I have an Antec TruePower 500W( regual Truepower before 2.0), it has a 20Pin connector not a 24 pin. I am getting a gigabyte DS3, x1800xt, and E6300. I was wondering if it will work ok and not hurt anything.

I have been looking online and reading very mixed things, for some it works great others doesnt' work at all.
 
Originally posted by: darkhorror
I have an Antec TruePower 500W( regual Truepower before 2.0), it has a 20Pin connector not a 24 pin. I am getting a gigabyte DS3, x1800xt, and E6300. I was wondering if it will work ok and not hurt anything.

I have been looking online and reading very mixed things, for some it works great others doesnt' work at all.

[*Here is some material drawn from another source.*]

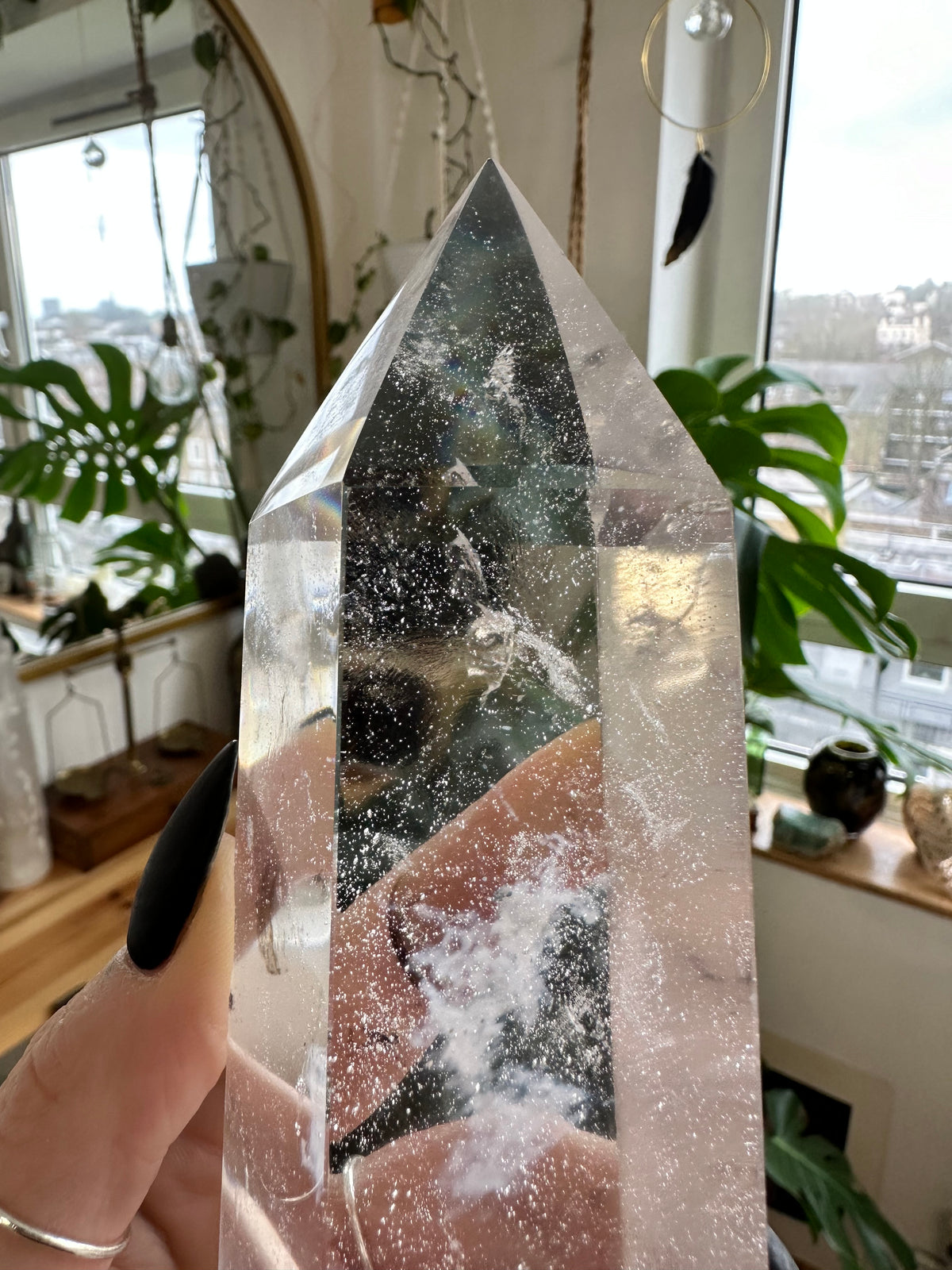 Quartz tower held up to the light, rainbows showing in the fractures - Let's Jam, Camden Market, London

There are adapters that work A-OK. That's about all you need. If you have some stability issues or something of that nature then you can get a new one. It's easier to try a $10 adapter than to go buy a new PSU just because you think maybe your current one may not work. No need to spend money if you don't have to right?
 
i'm not quite sure that will work on that setup - the 20pin PSUs have trouble supplying power to a high end PCIe video card and CPU simultaneously. the X1800XT sucks up a metric crapload of power (from personal experience), and if you plan on doing overclocking, which i'd imagine is the reason for the e6300 and DS3 combo, then you'll want the extra stability of a 24-pin PSU.
 
Antec doesn't actually list a 500W TruePower, either 480 or 550. The 480W does have 28A on the 12V rail, which might be just barely enough, and the 550W is 30A which is I think what is recommended for total 12V power for high-end PCIe cards. Even though your PSU probably does have enough power on the 12V line, having to run at near its maximum capacity at all times on the single rail might make it unstable. With a newer PSU with two 12V rails, even if their combined maximum output is still only 30A, it'll probably be more reliably stable.

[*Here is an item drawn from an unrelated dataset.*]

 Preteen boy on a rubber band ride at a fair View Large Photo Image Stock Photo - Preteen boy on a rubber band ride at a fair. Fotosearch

But as cmdrdredd said, give it a shot first, it can't hurt anything, but if you have stability issues and see that the voltages are too low in monitoring, then the PSU probably isn't handling it well.
 
looks like it's the 550. I will be trying it out, I also read somewhere that the adapter doesn't really do anything compaired to just plugging it in. It simply moves the trouble spot from one place to another. I am not sure if thats true, I just wanted to make sure it wasn't going to hurt anything if I were to try it out.

I also was hoping that someone had actually tried it.
 
Anyone else got any input???

I am thinking about just ordering another PS. I don't really want to get the components on thursday find out that my current one doesn't work then order another one and have to wait untill next week to use it. But then again it would be nice if I could save the money and use the one I have.

If I do have to order a new one what would you suggest?